=== RECORDS FOR THIS EXERCISE ===

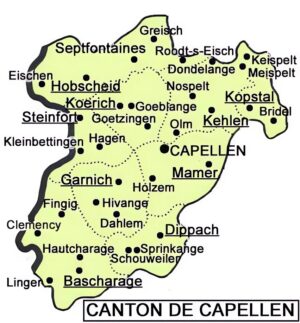 Carte du canton de Capellen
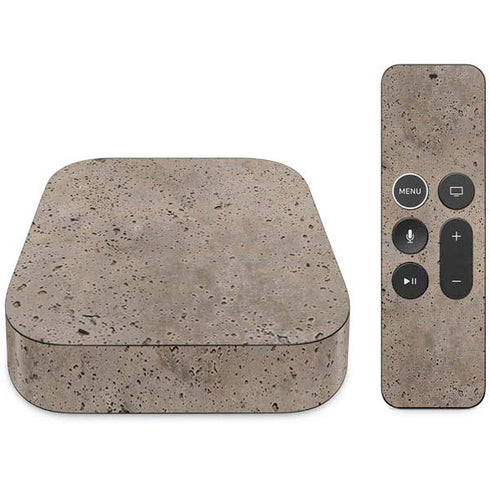 Sandstone Concrete Apple TV Skin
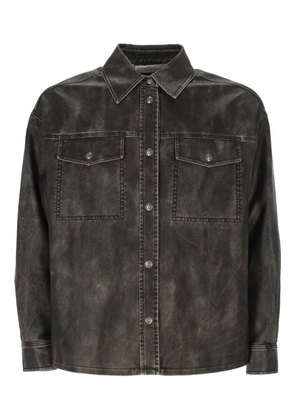 Palm Angels double-pocket shirt - Black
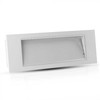 3,8W LED evakuacinis šviestuvas, baltos/juodos sp., 6000K, CREE LED chip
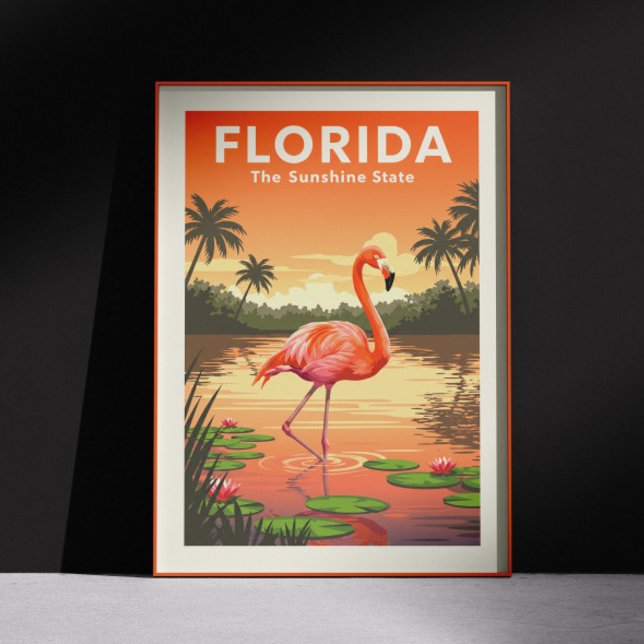 Vintage Florida Poster (Skapare uppladdad)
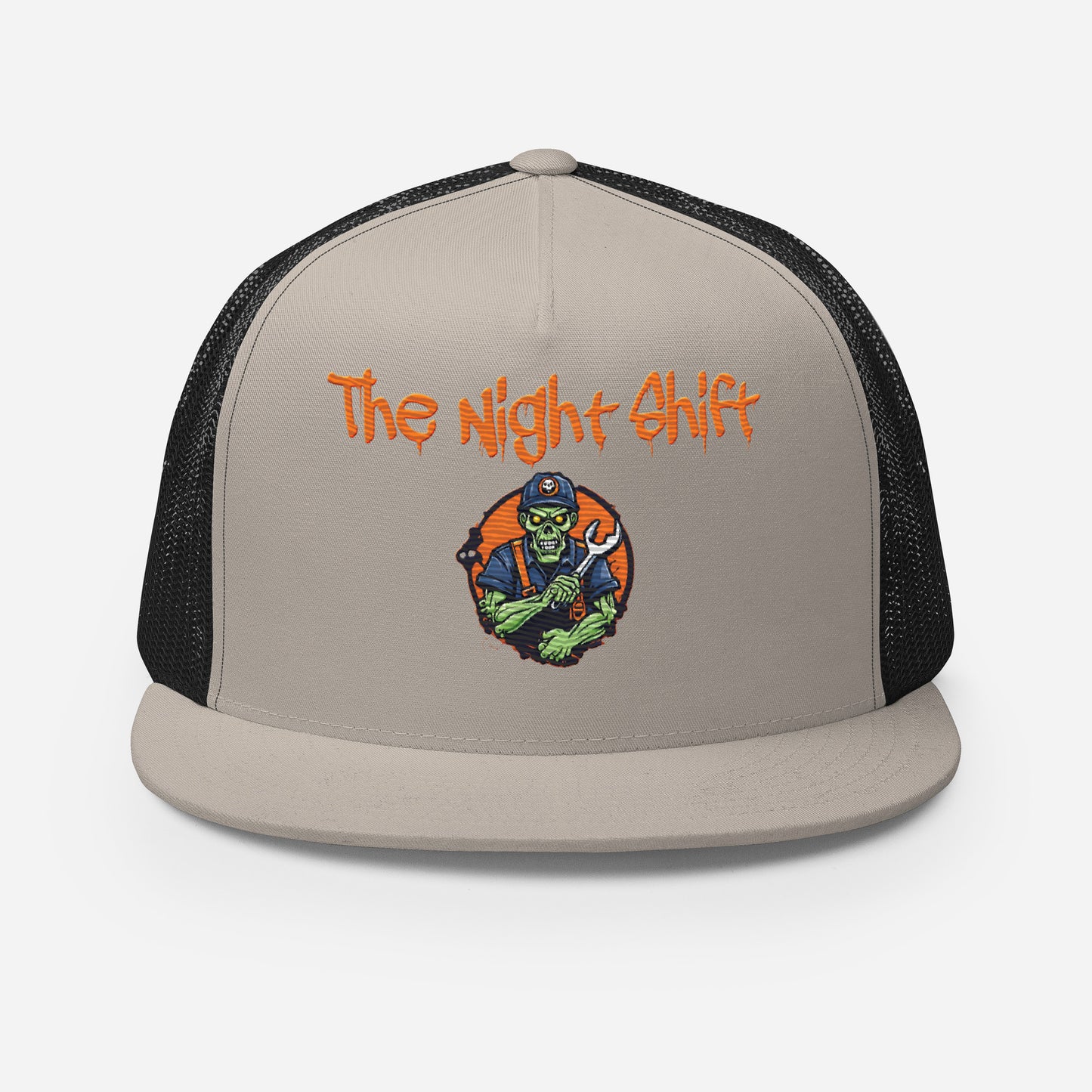 Don't Stop Till You Drop-Embroidered Snapback Trucker Hat The Night Shift Performance Street Gear by The Night Shift Automotive Apparel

===

If a record holds a picture, leave the picture out and print everything else exactly.

EXERCISE OUTPUT:
 Carte du canton de Capellen
 Sandstone Concrete Apple TV Skin
 Palm Angels double-pocket shirt - Black
 3,8W LED evakuacinis šviestuvas, baltos/juodos sp., 6000K, CREE LED chip
 Vintage Florida Poster (Skapare uppladdad)
 Don't Stop Till You Drop-Embroidered Snapback Trucker Hat The Night Shift Performance Street Gear by The Night Shift Automotive Apparel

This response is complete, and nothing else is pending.